The Crown continued to call witnesses forward Wednesday, as the second-degree murder trial of Christopher Calvin Garnier continued in Nova Scotia Supreme Court.

Garnier, 29, is accused of killing Catherine Campbell, an off-duty Truro police officer, in 2015. He has pleaded not guilty to second-degree murder and improperly interfering with human remains.

The jury heard from five witnesses on Wednesday. The majority of the questioning focused on what happened at the Halifax Ale House the night of Sept. 10, 2015. Video surveillance footage from the bar was submitted as evidence by the Crown and was played throughout the day.

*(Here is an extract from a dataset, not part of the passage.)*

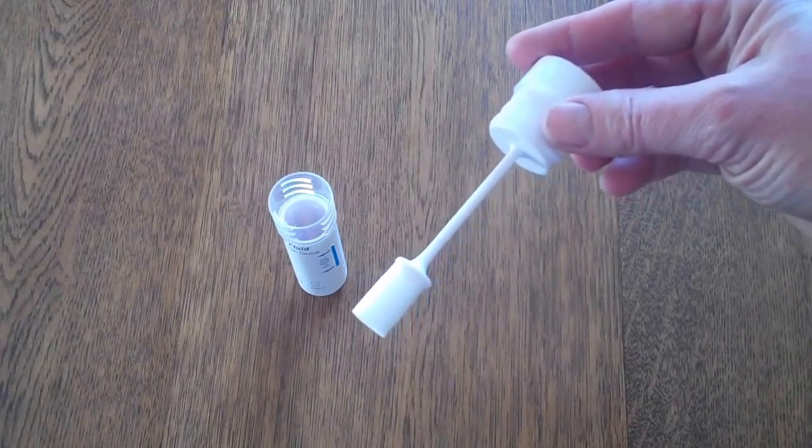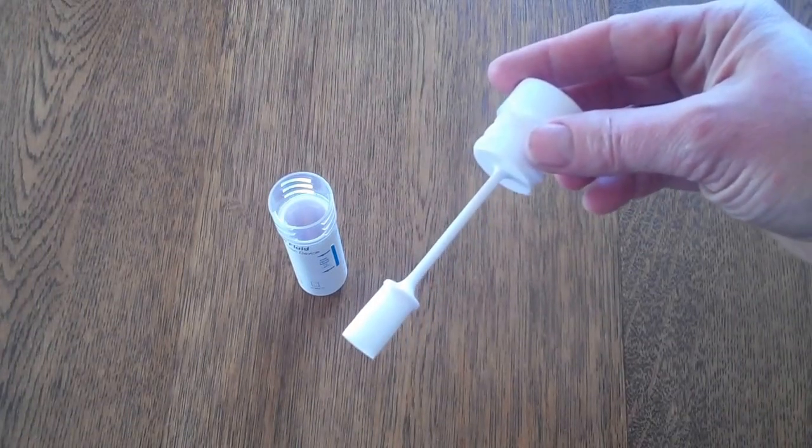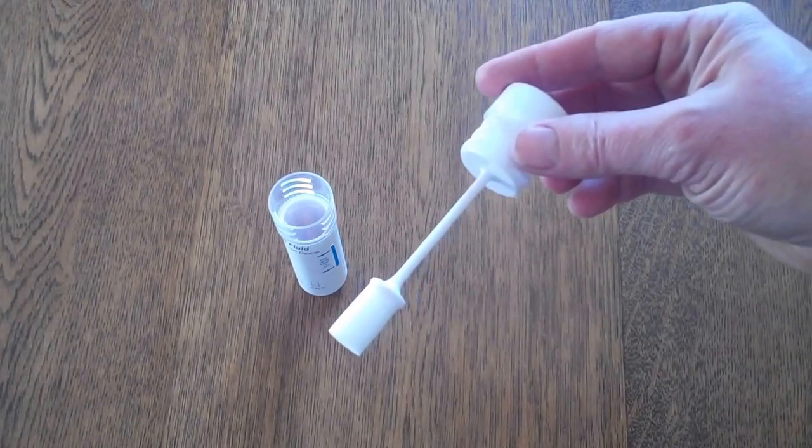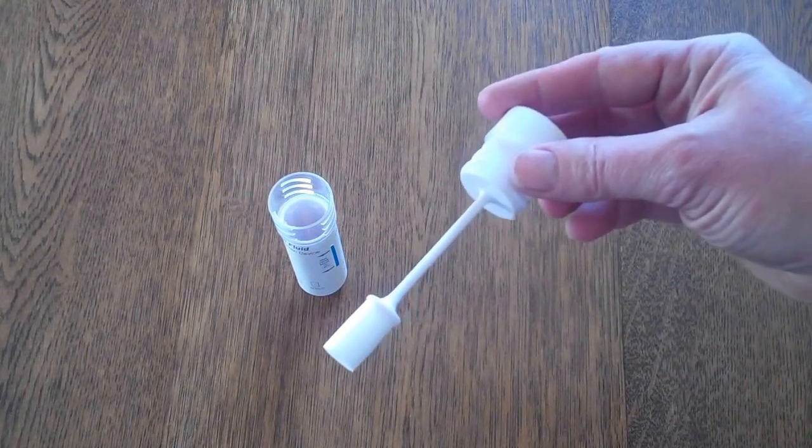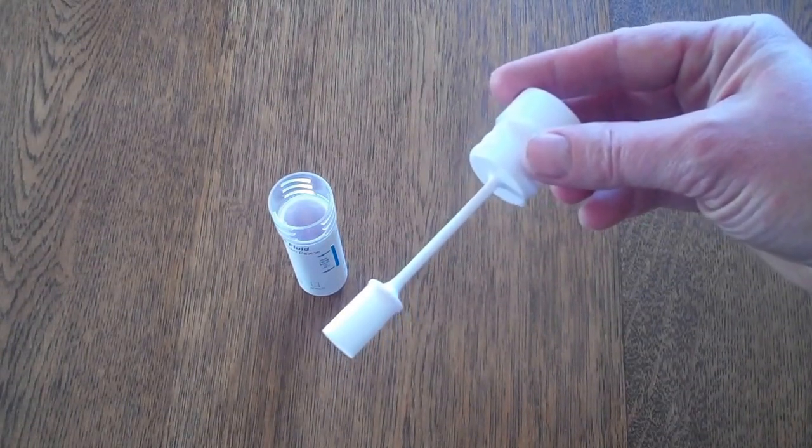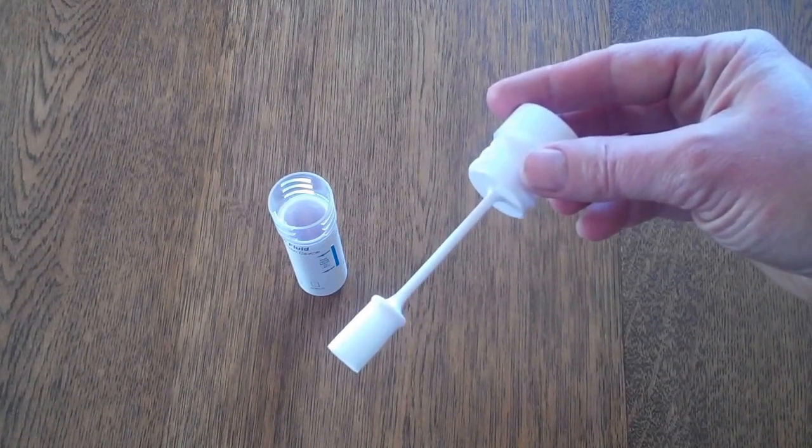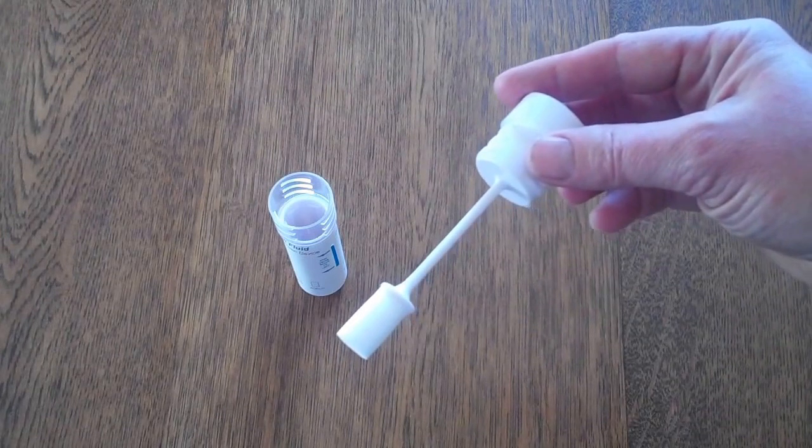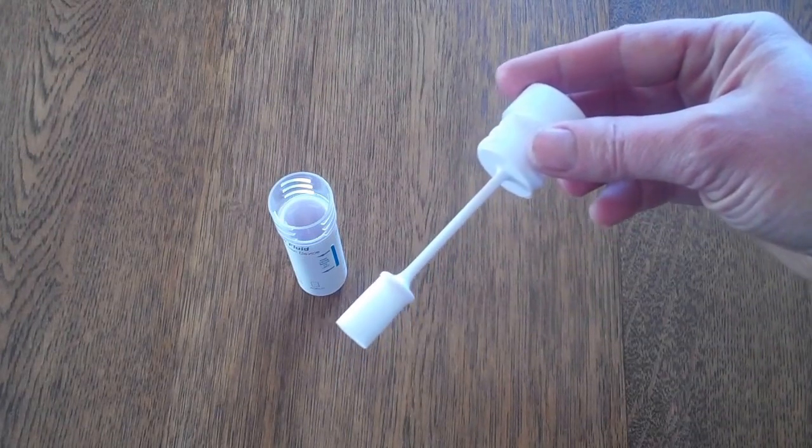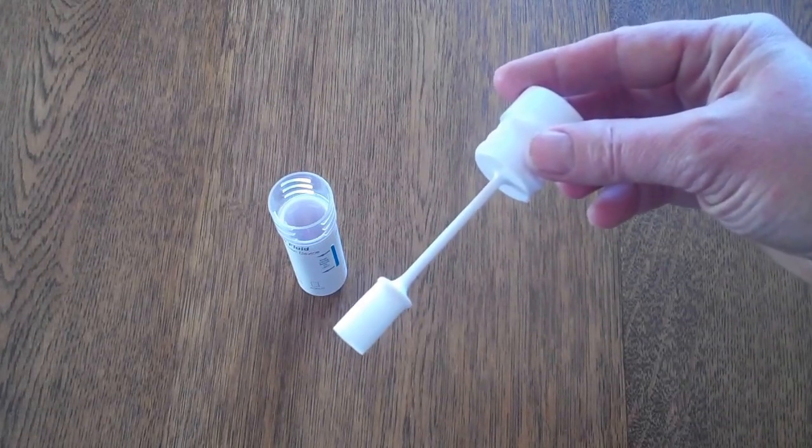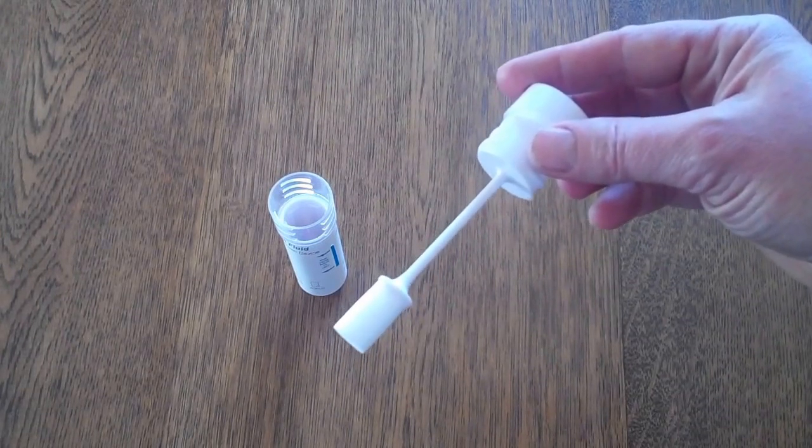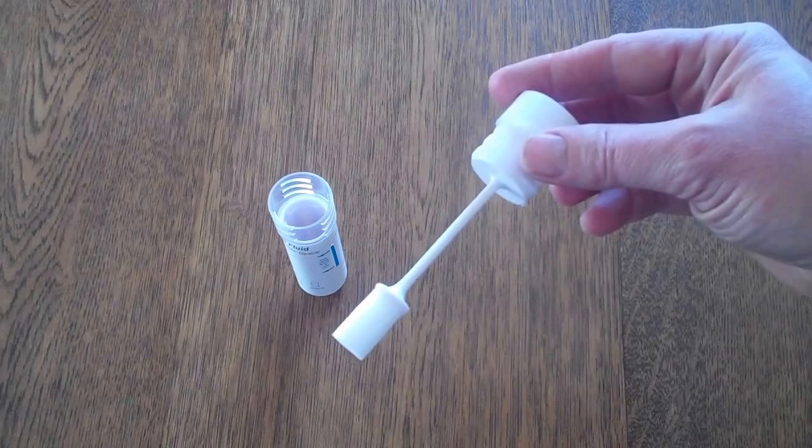The good indication of when a sufficient sample is being collected is that the swab will go completely soft and sponge-like and at that stage it should have ample saliva absorbed into it to perform all six tests.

The first Crown witness of the day, RCMP Const. Kyle Doane, was asked to canvas Campbell’s apartment building on Sept. 14, 2015, after she was reported missing. After going door-to-door with questions, Doane went to the Ale House and requested the security footage that was shown to the court.

The footage showed Garnier and Campbell entering the Ale House separately just after 1 a.m. on Sept. 11, 2015. Campbell is shown interacting with four males before Garnier. Once Campbell and Garnier began talking, they spent the majority of the night together and could be seen dancing and kissing.

Doane described how Campbell’s legs were wrapped around Garnier’s waist at the bar. Doane also identified Campbell and Garnier leaving the bar together at 3:34 a.m. through a Brunswick Street exit.

The next two witnesses, Ryan Proudfoot and Bradley Randall, both worked at the Ale House that night. Both men knew Garnier because he used to be employed at the bar as a doorman.

Proudfoot told the court he saw Garnier at the bar on Sept. 10, 2015, and they talked briefly when Garnier entered.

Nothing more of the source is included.